Mit der "Beschwerde" vom 5. April 2022 verfolgt der Kläger die Festsetzung der angemeldeten Kosten weiter und führt dazu aus, in Griechenland könne die Zustellung von Urteilen lediglich im Parteibetrieb, dh durch Gerichtsvollzieher, erfolgen. Eine entsprechende Zustellung sei erfolgt und auch wirksam, weil gemäß Art. 15 VO (EG) 1393/2007 für Mitgliedsstaaten des Europäischen Parlamentes die im Mitgliedstaat geltenden Zustellungsvorschriften zugrunde zu legen seien.

Der Rechtspfleger hat dem Rechtsmittel nicht abgeholfen, sondern "die Beschwerde" mit Beschluss vom 22. August 2022 dem Brandenburgischen Oberlandesgericht zur Entscheidung vorgelegt.

II. Die als sofortige Beschwerde gemäß § 567 ZPO auszulegende Eingabe des Klägers gegen den Kostenfestsetzungsbeschluss des Landgerichts Potsdam vom 28. März 2022 ist nach § 11 RPflG, §§ 104 Abs. 3 Satz 1, 567, 569 ZPO zulässig, insbesondere ist sie fristgerecht eingelegt worden und die notwendige Beschwer ist erreicht.

Sie ist allerdings unbegründet. Zu Recht hat das Landgericht Potsdam - Rechtspfleger - den Antrag auf Erlass des beantragten Kostenfestsetzungsbeschlusses zurückgewiesen.
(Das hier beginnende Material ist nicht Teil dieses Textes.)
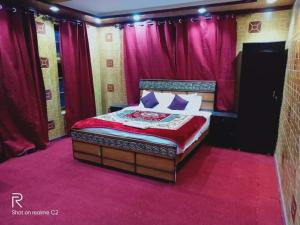 una cama en una habitación con cortinas rosas en Zago Guest House, en Skardu
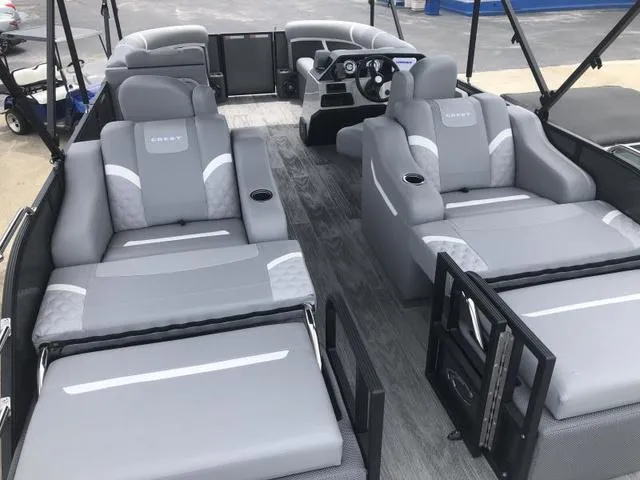 Slide: The Image of 2025 Crest Classic LX 220 SLRC pontoon boat with luxurious gray seating and modern design. - 38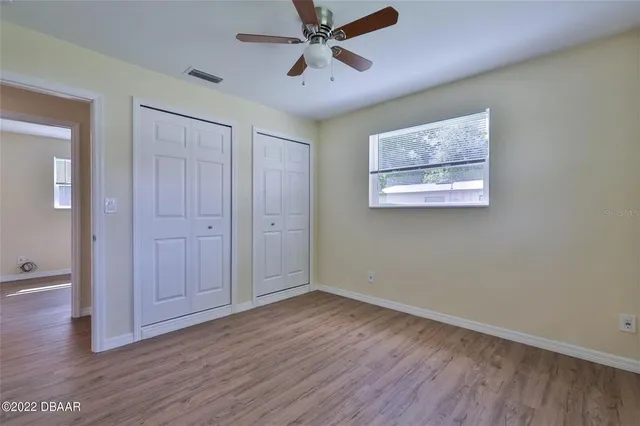 a view of an empty room with wooden floor
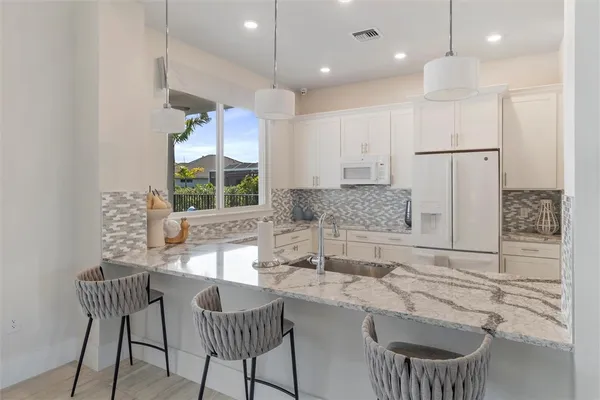 a kitchen with kitchen island granite countertop a sink and a refrigerator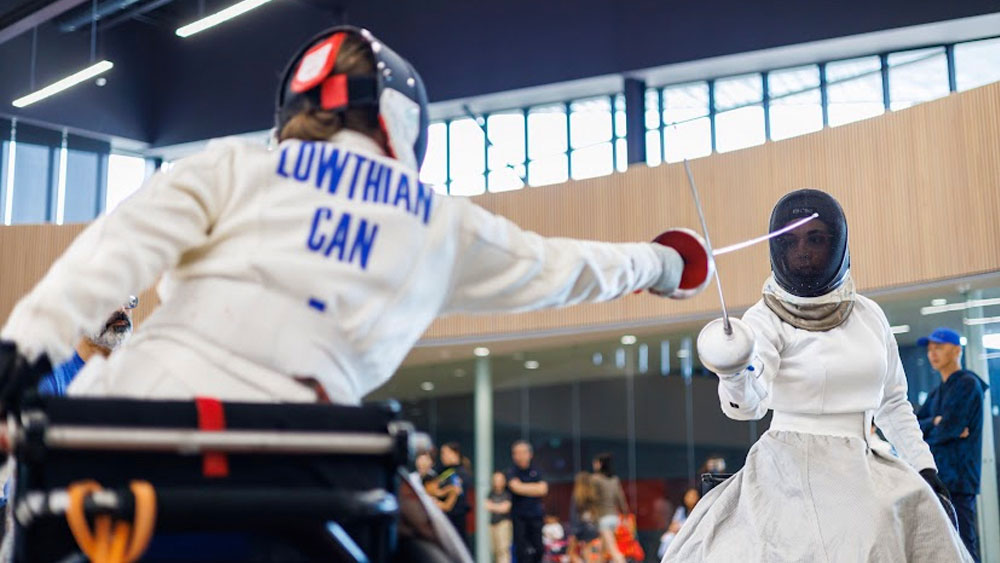 Two women practicing the sport of fencing. A sports hall and people can be seen in the background.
Nach § 103 ZPO kann der Anspruch auf Erstattung der Prozesskosten nur auf Grund eines zur Zwangsvollstreckung geeigneten Titels geltend gemacht werden, der bestimmt, wer die Kosten des Rechtsstreits zu tragen hat. Ein im schriftlichen Vorverfahren gemäß § 331 Abs. 3 ZPO erlassenes Versäumnisurteil ist allerdings nur dann zur Zwangsvollstreckung geeignet, wenn es beiden Parteien wirksam zugestellt worden ist. Erst dann ist es rechtlich existent wird, denn die Zustellung ersetzt in diesem Fall die Verkündung des Urteils nach § 310 Abs. 1 ZPO und stellt damit den Staatsakt dar, durch den das Urteil aus dem inneren Bereich des Gerichts heraustritt (Zöller-Feskorn, ZPO, 34. Aufl. 2022, § 310 Rn. 1). Diese Zustellung ist nach § 166 Abs. 2 ZPO zwingend von Amts wegen vorzunehmen. Eine Zustellung im Parteibetrieb genügt insoweit nicht, denn diese findet - wie sich auch aus § 191 ZPO ergibt - nur in den gesetzlich zugelassenen oder vorgeschriebenen Fällen statt (Zöller-Schultzky, a.a.O., § 166 Rn. 7), zu denen die Zustellung eines im schriftlichen Verfahren erlassenen Versäumnisurteils nicht zählt. Mangels amtswegiger Zustellung kann das Versäumnisurteil vom 19. Juli 2019 deshalb nicht Grundlage des beantragten Kostenfestsetzungsbeschlusses sein und war der darauf gerichtete Antrag des Klägers zurückzuweisen.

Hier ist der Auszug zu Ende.